'''

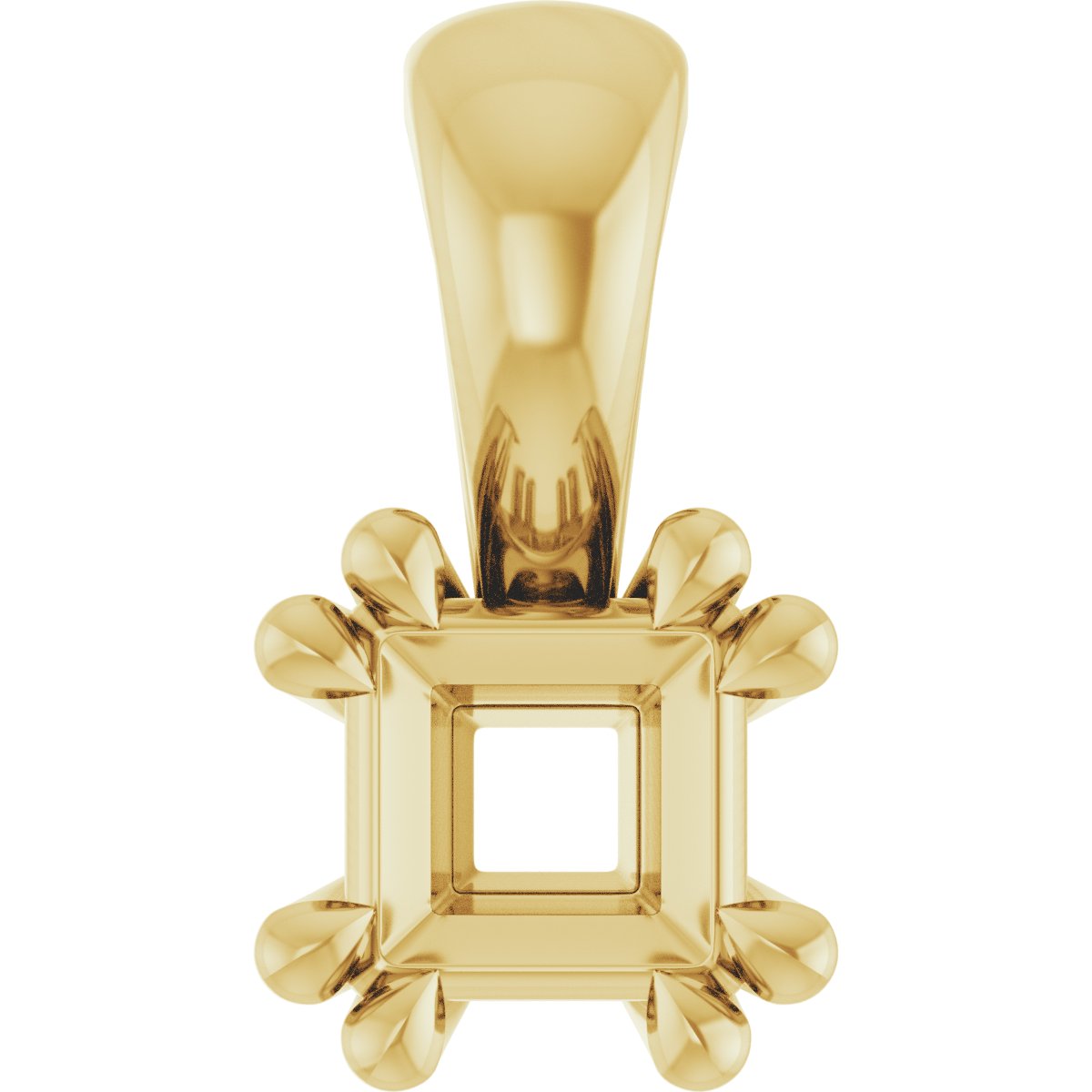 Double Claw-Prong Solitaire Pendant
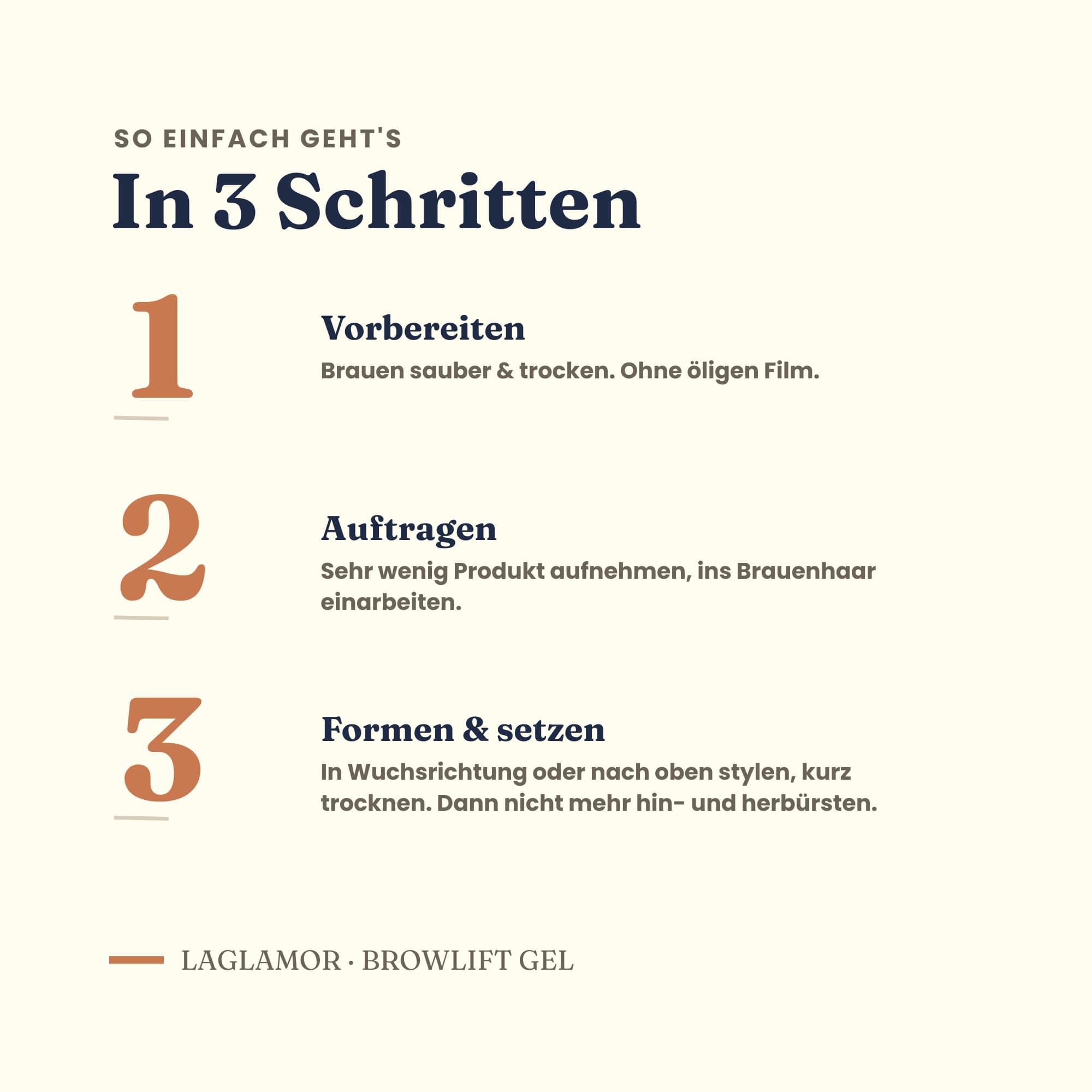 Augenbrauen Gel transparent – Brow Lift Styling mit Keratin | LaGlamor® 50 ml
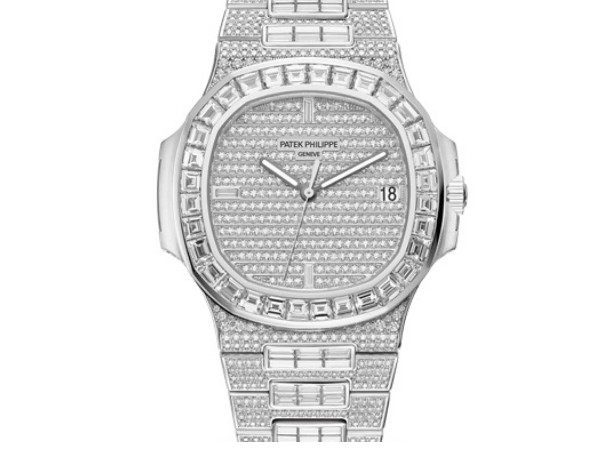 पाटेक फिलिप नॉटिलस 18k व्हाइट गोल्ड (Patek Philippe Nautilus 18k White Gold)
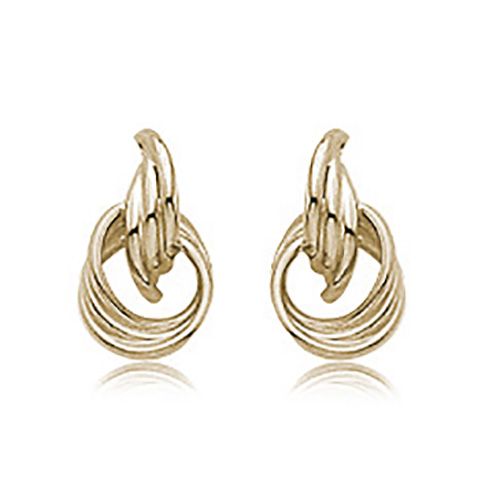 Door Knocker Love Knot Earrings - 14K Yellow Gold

'''

Set down all of the material word for word, minus its pictures.

 Double Claw-Prong Solitaire Pendant
 Augenbrauen Gel transparent – Brow Lift Styling mit Keratin | LaGlamor® 50 ml
 पाटेक फिलिप नॉटिलस 18k व्हाइट गोल्ड (Patek Philippe Nautilus 18k White Gold)
 Door Knocker Love Knot Earrings - 14K Yellow Gold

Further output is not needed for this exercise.